**What is needed**
Pictures aside, reproduce exactly each line from the one holding "Alyce Paris 4579 Bishop Sleeves V-Back Dress" through the last line of the material, both ends included.

**Given information**
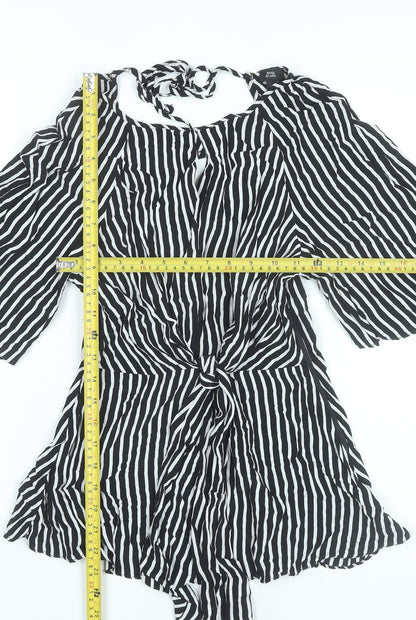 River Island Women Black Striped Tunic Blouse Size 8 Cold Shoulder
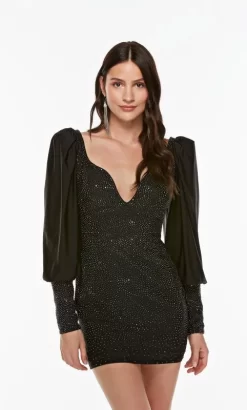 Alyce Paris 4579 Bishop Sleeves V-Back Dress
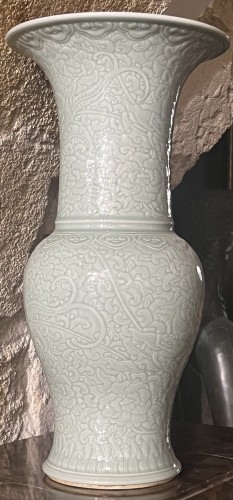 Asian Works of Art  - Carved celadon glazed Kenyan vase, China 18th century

**Answer space**
 Alyce Paris 4579 Bishop Sleeves V-Back Dress
 Asian Works of Art  - Carved celadon glazed Kenyan vase, China 18th century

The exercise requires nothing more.